Essayez d'ajouter "Utiliser strict" en haut après le shebang - cela peut aider à localiser autre chose.

Essayez de remplacer "si ($ dédupe {$ query_id})" with "si (défini ($ dédupe {$ query_id}))"

Gardez à l'esprit que la plupart des gens ne sont donc pas des biologistes / génomistes (!) et ne savent pas de quoi vous parlez, nous voyons simplement des chiffres et des mots qui ne veulent rien dire pour nous, donc si vous pouvez expliquer mieux, nous pouvonsêtre capable d'aider plus.

Ce qui suit est plus idiomatique, au fait.

next if $line =~ /^#/;

Votre code va toujours de la ligne 64 à 81. Il n'entre jamais les tests secondaires du tout - il ne trouve jamais des doublons.Essayez de l'exécuter dans le débogueur, avec ceci:

perl -d yourprog INFILE OUTFILE

Alors do "n" pour "ligne suivante" à plusieurs reprises.Vous pouvez imprimer des valeurs variables avec «Nom variable P».

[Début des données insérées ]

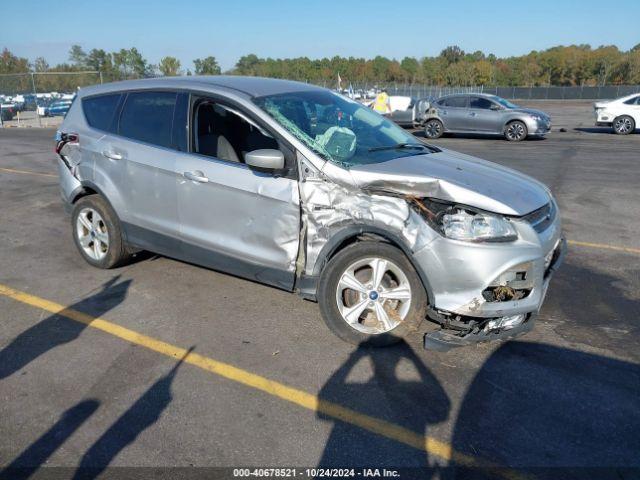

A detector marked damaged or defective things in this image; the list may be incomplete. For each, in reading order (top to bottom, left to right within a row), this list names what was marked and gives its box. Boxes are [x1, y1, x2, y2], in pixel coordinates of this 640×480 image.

crumpled hood [348, 148, 552, 216]
broken headlight lens [410, 199, 520, 244]
broken headlight lens [442, 208, 516, 242]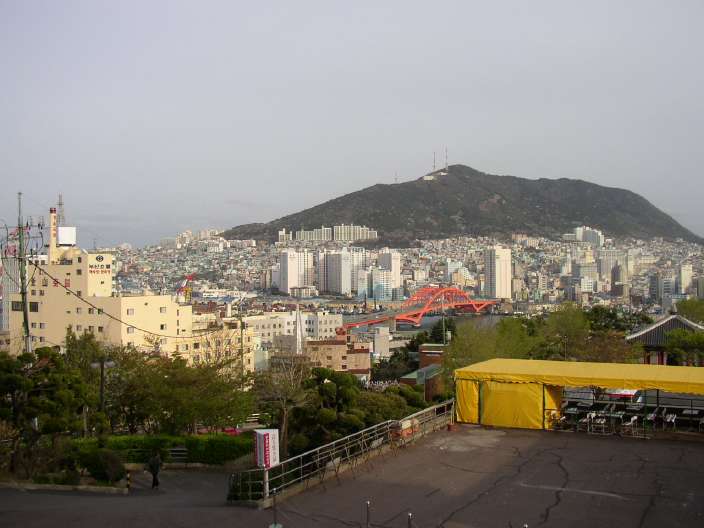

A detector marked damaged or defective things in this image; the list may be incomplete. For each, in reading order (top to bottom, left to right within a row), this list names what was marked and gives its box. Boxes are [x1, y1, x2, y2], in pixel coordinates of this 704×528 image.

cracked pavement [1, 426, 704, 524]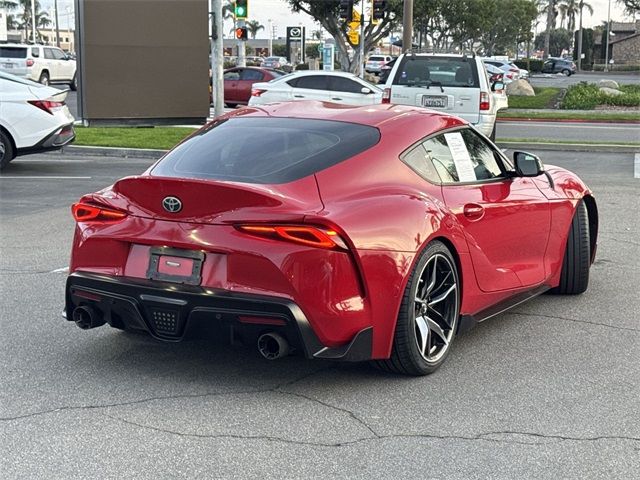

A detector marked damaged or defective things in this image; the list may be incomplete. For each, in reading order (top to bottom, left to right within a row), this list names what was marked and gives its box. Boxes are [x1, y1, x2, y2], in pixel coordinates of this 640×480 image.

crack in pavement [510, 310, 640, 332]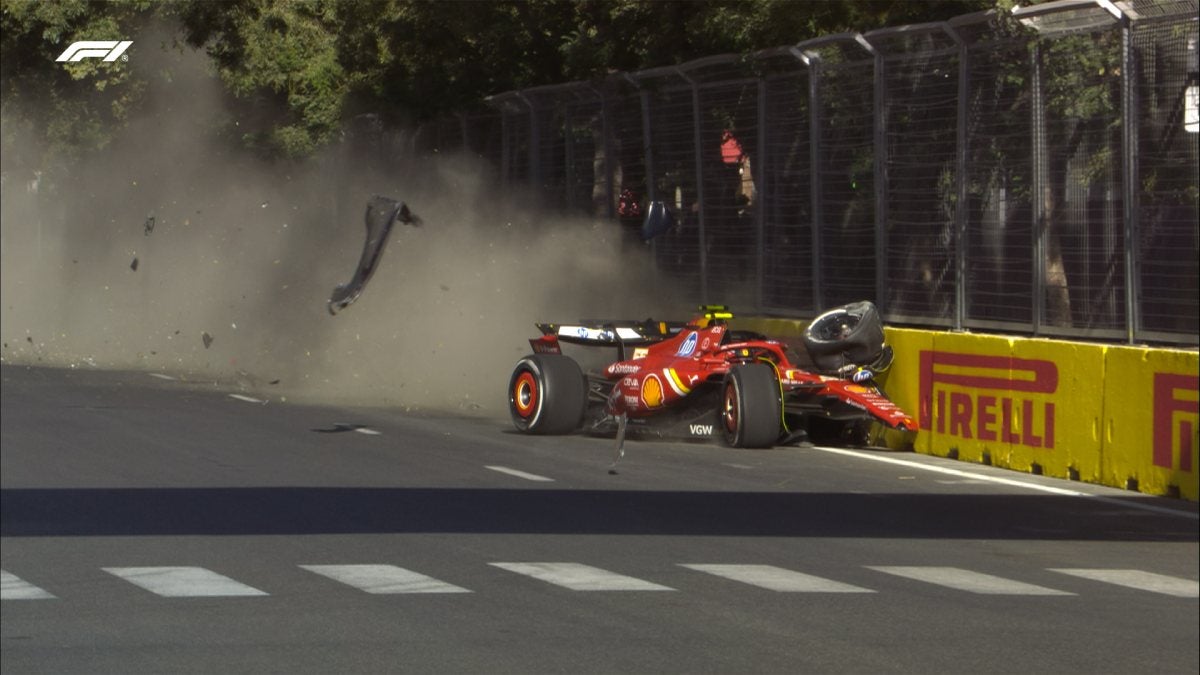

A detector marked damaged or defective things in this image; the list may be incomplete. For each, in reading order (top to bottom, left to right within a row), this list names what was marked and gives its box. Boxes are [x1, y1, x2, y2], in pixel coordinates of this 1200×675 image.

crashed f1 car [508, 304, 920, 460]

Si je change le séparateur pour la division () S de l'onglet en espace, je reçois ceci - qui a le nombre correct d'enregistrements de sortie au moins:

De-duplicating File...
Argument "in" isn't numeric in numeric lt (<) at ./go line 71, <IN> line 21.
Argument "AltName:" isn't numeric in numeric lt (<) at ./go line 71, <IN> line 21.
Argument "homolog" isn't numeric in numeric gt (>) at ./go line 75, <IN> line 21.
Argument "in" isn't numeric in numeric gt (>) at ./go line 75, <IN> line 21.
Argument "in" isn't numeric in numeric lt (<) at ./go line 71, <IN> line 21.
Argument "in" isn't numeric in numeric lt (<) at ./go line 71, <IN> line 21.
Argument "homolog" isn't numeric in numeric gt (>) at ./go line 75, <IN> line 21.
Argument "homolog" isn't numeric in numeric gt (>) at ./go line 75, <IN> line 21.
Argument "in" isn't numeric in numeric lt (<) at ./go line 71, <IN> line 21.
Argument "Full=Seven" isn't numeric in numeric lt (<) at ./go line 71, <IN> line 21.
Argument "homolog" isn't numeric in numeric gt (>) at ./go line 75, <IN> line 21.
Argument "absentia" isn't numeric in numeric gt (>) at ./go line 75, <IN> line 21.
Argument "in" isn't numeric in numeric lt (<) at ./go line 71, <IN> line 21.
Argument "Full=Seven" isn't numeric in numeric lt (<) at ./go line 71, <IN> line 21.
Argument "homolog" isn't numeric in numeric gt (>) at ./go line 75, <IN> line 21.
Argument "absentia" isn't numeric in numeric gt (>) at ./go line 75, <IN> line 21.
Argument "in" isn't numeric in numeric lt (<) at ./go line 71, <IN> line 21.
Argument "Full=Seven" isn't numeric in numeric lt (<) at ./go line 71, <IN> line 21.
Argument "homolog" isn't numeric in numeric gt (>) at ./go line 75, <IN> line 21.
Argument "absentia" isn't numeric in numeric gt (>) at ./go line 75, <IN> line 21.
Total # records = 7
Best only # records = 2
Writing to output file...
Done.
iMac:~/tmp: more out
Tx6_c1_seq1 6439823 RecName: Full=E3 ubiquitin-protein ligase siah-1; AltName: Full=Seven in absentia homolog 1 434 1   9   173 224 282 1e-06   65  32.20   3/0
Tx_11_c0_seq1   977285  RecName: Full=120.7 kDa protein in NOF-FB transposable element  1056    15  957 28  147 455 8e-13   79  27.81   -2/0

Autres conseils

Pourquoi essayez-vous d'écrire votre propre analyseur de souffle.Utilisez BIOPERL

http://www.bioperl.org/wiki/howto:rsearchIOIO#Ncbi-blast_parsing_problems

Je n'utilise pas trop de Perl, mais voici l'idée approximative de quoi faire

while (my $result = $report->next_result) {
    print "Query: ".$result->query_name."\n";
    while (my $hit = $result->next_hit) {
        while ($hsp = $hit->next_hsp) {
            my evalue = $hsp->evalue;
            #convert to decimal notation
            $decimal_notation = sprintf("%.10g", $scientific_notation);

            ##... i'll leave the rest up to you
        }
     }
}

La valeur est en notation scientifique, Perl traitera-la comme une chaîne lorsque vous faites moins que la comparaison.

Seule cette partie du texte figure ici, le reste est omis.